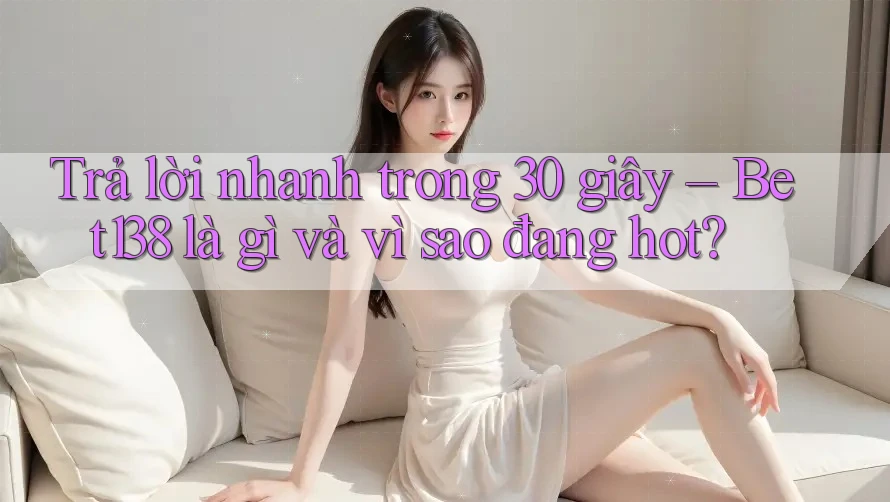 Trả lời nhanh trong 30 giây – Bet138 là gì và vì sao đang hot?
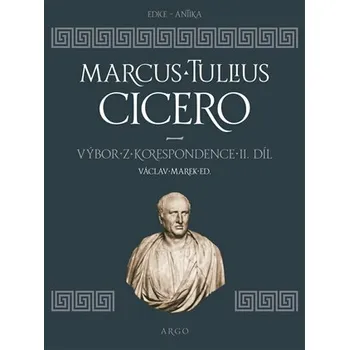 Kniha Výbor z korespondence II - Marcus Tullius Cicero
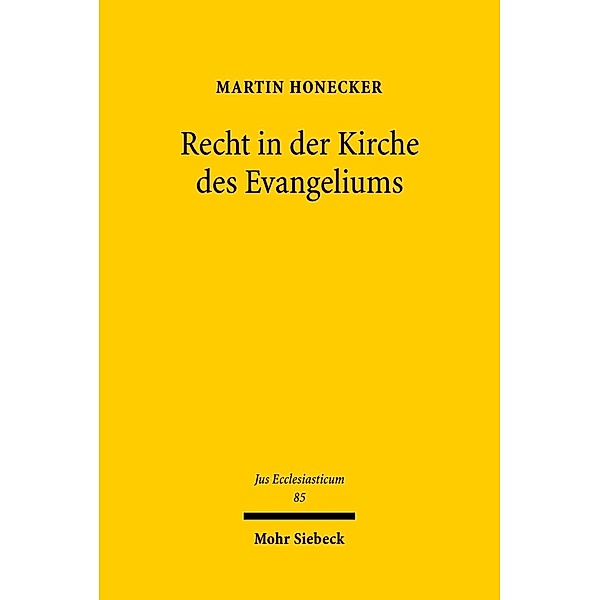 Recht in der Kirche des Evangeliums, Martin Honecker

• Work instructions
Reproduce all of the data exactly, omitting each picture it holds.

• Solution
 Trả lời nhanh trong 30 giây – Bet138 là gì và vì sao đang hot?
 Kniha Výbor z korespondence II - Marcus Tullius Cicero
 Recht in der Kirche des Evangeliums, Martin Honecker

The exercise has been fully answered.